## What to work on
Exact transcription of the data below is required, without the images.

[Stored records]
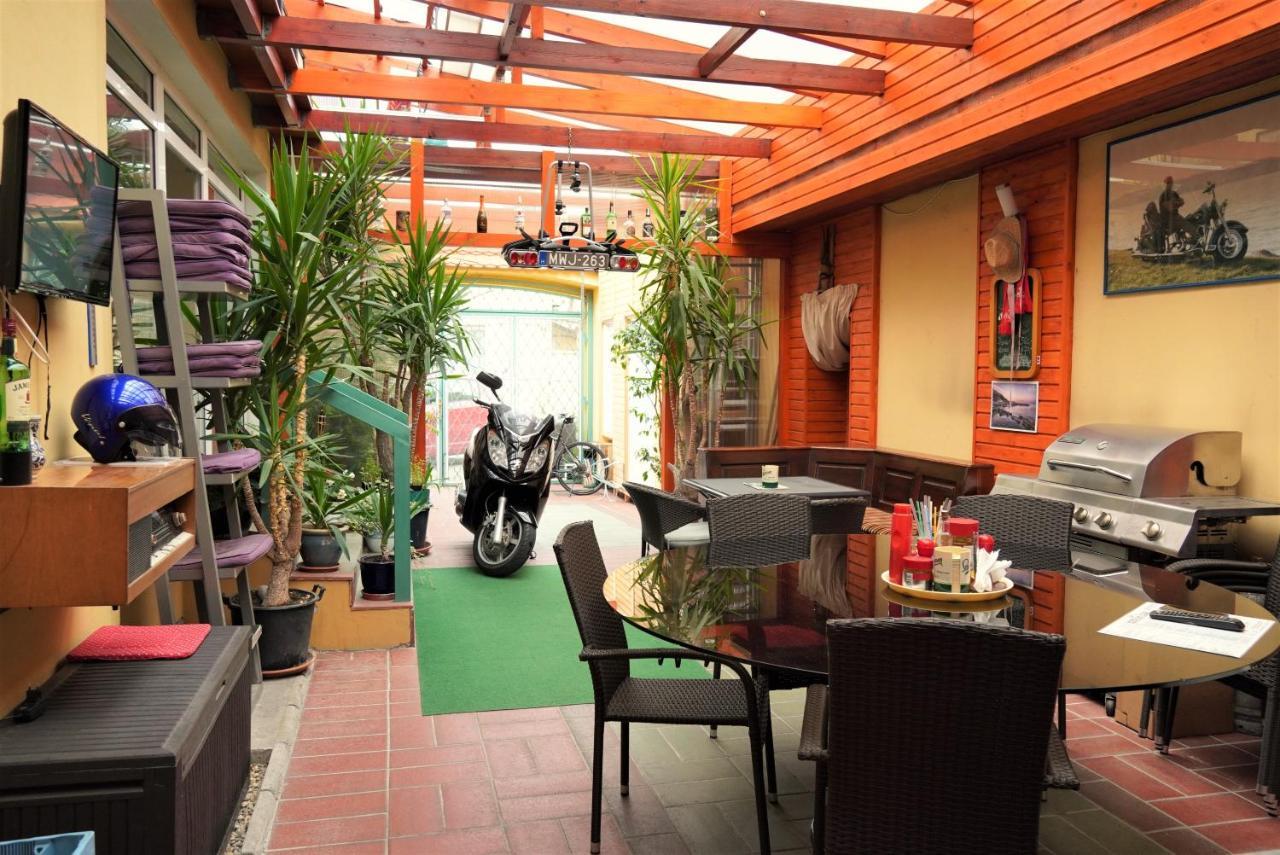 Club Haus 502 Kalocsa住宿加早餐旅馆 外观 照片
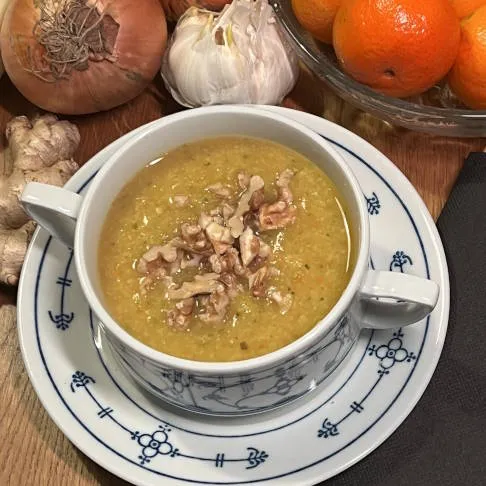 Scharf, fruchtig und super gesund: Wirsing-Currysuppe mit Mandarine, ein ideales Arthrose Ernährung Rezept zur Entzündungshemmung.
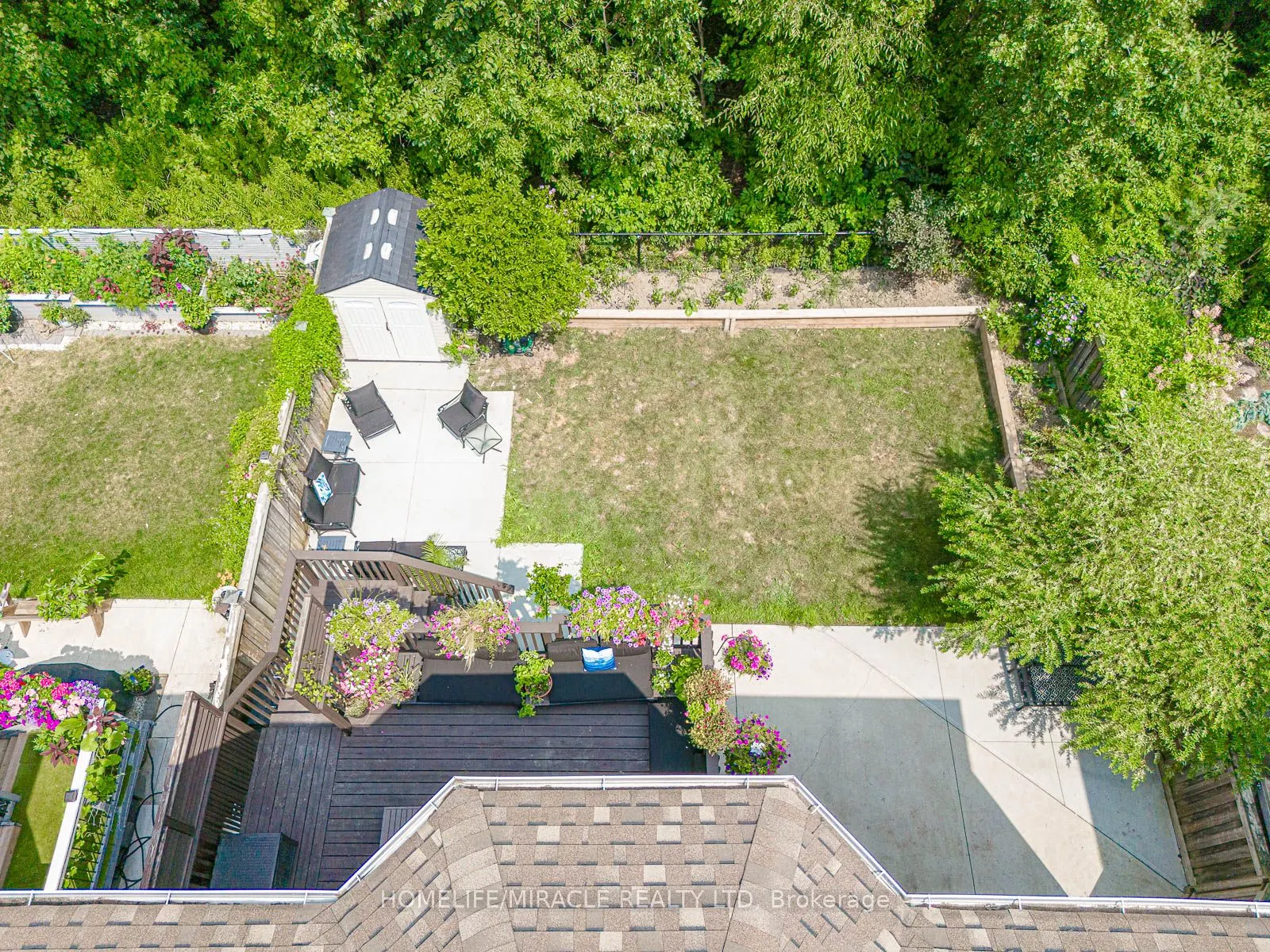 1204 Fox Crescent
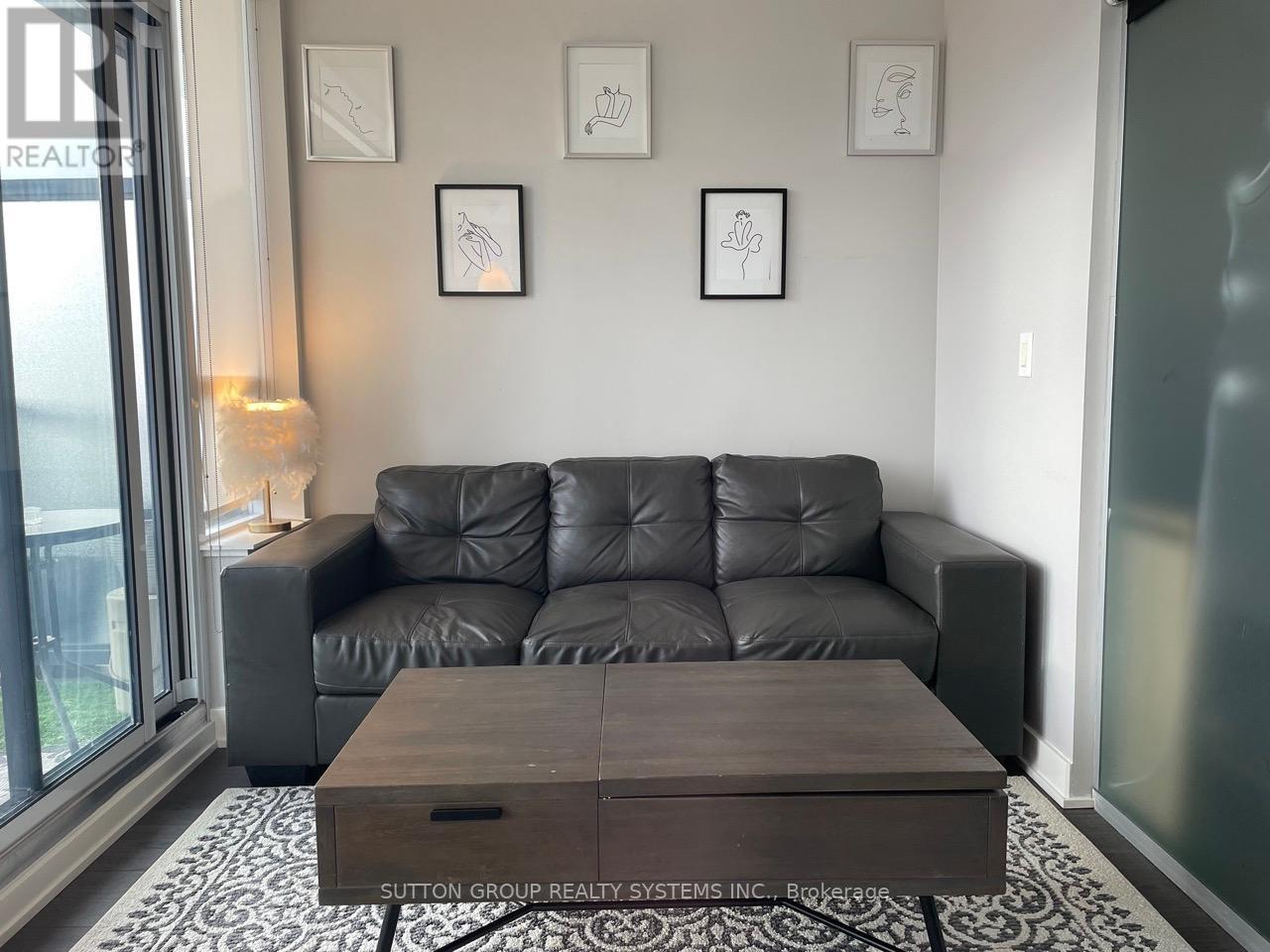 809 - 11 Superior Avenue, Toronto, Ontario  M8V 0A7 - Photo 11 - W12177552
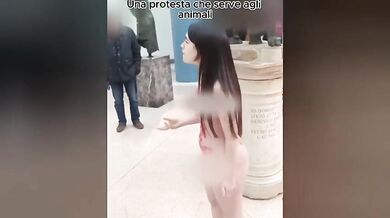 Maria Sofia nuda per prostesta ai musei Capitolini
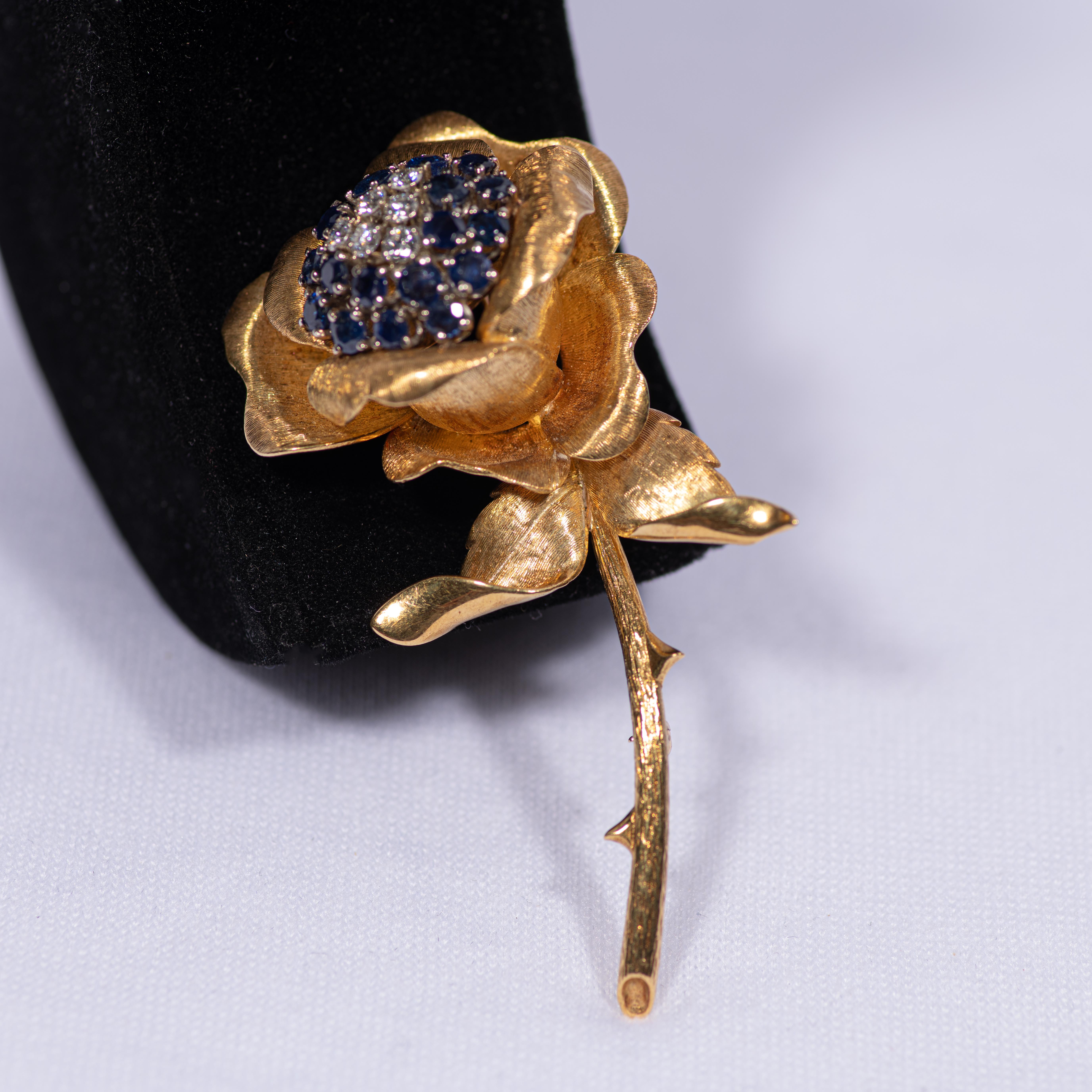 Round Cut Sapphire and Diamond 18 Karat Yellow Gold Rose Flower Brooch Pin For Sale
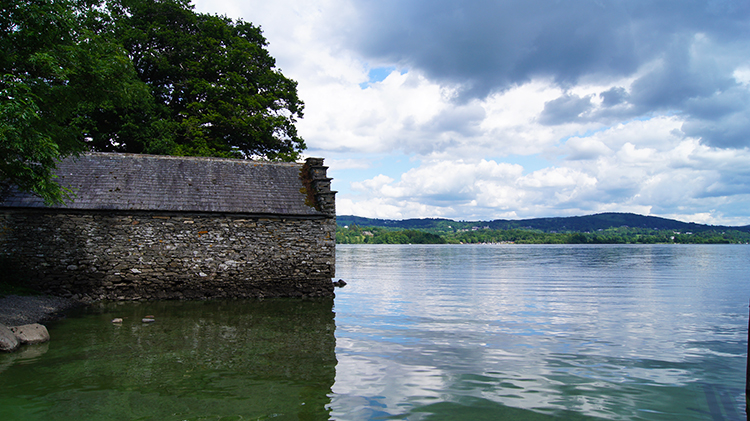 Waterside barn on Windermere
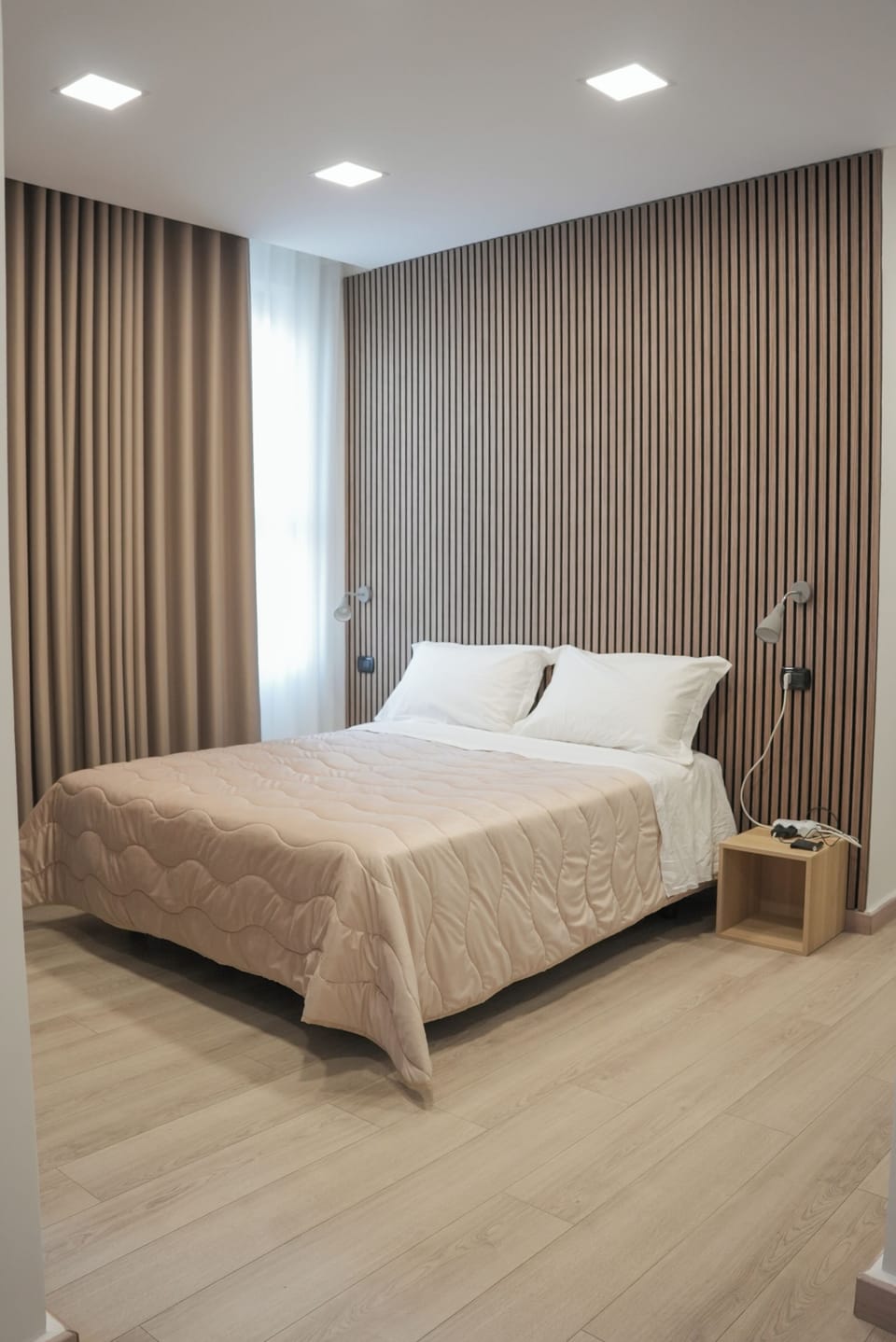 In-room safe, free WiFi, bed sheets
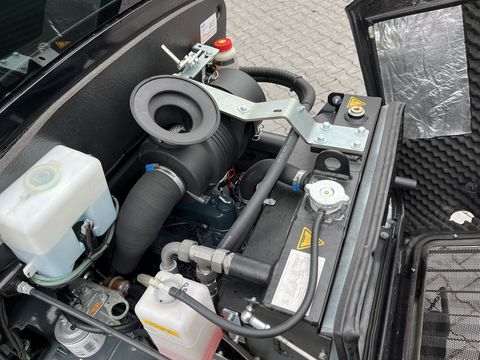 Giant 2500 HD mit Kabine 50h 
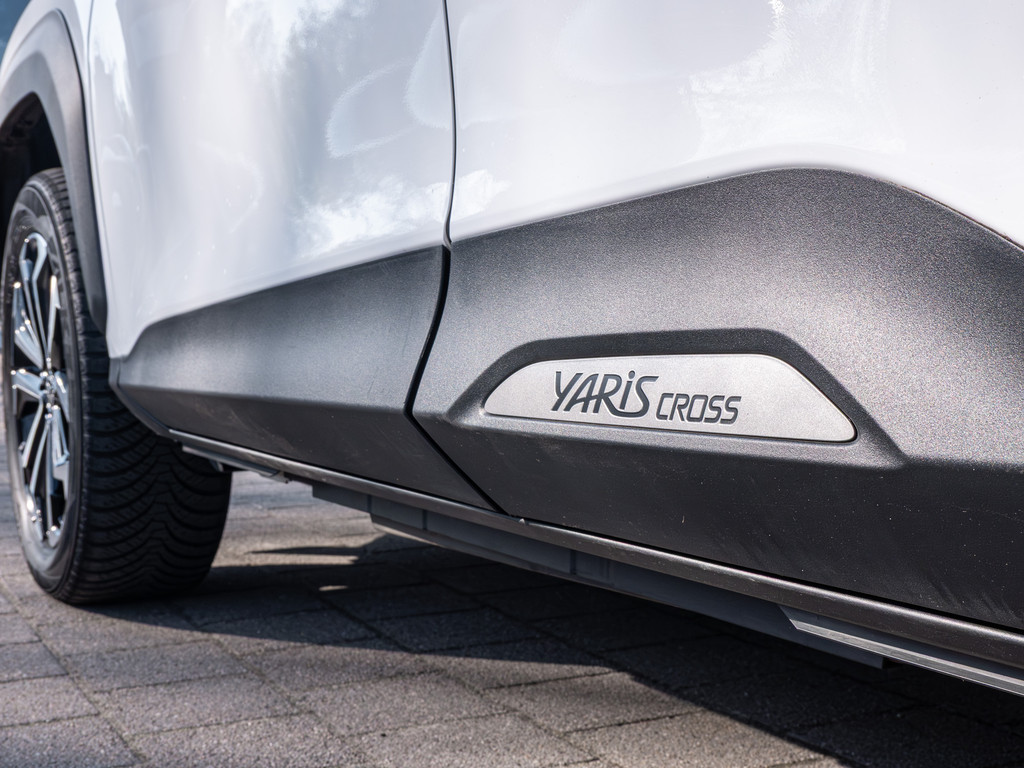 Fahrzeugansicht TOYOTA Yaris Cross Hybrid Team D - Bild 2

## Written solution
 Club Haus 502 Kalocsa住宿加早餐旅馆 外观 照片
 Scharf, fruchtig und super gesund: Wirsing-Currysuppe mit Mandarine, ein ideales Arthrose Ernährung Rezept zur Entzündungshemmung.
 1204 Fox Crescent
 809 - 11 Superior Avenue, Toronto, Ontario  M8V 0A7 - Photo 11 - W12177552
 Maria Sofia nuda per prostesta ai musei Capitolini
 Round Cut Sapphire and Diamond 18 Karat Yellow Gold Rose Flower Brooch Pin For Sale
 Waterside barn on Windermere
 In-room safe, free WiFi, bed sheets
 Giant 2500 HD mit Kabine 50h 
 Fahrzeugansicht TOYOTA Yaris Cross Hybrid Team D - Bild 2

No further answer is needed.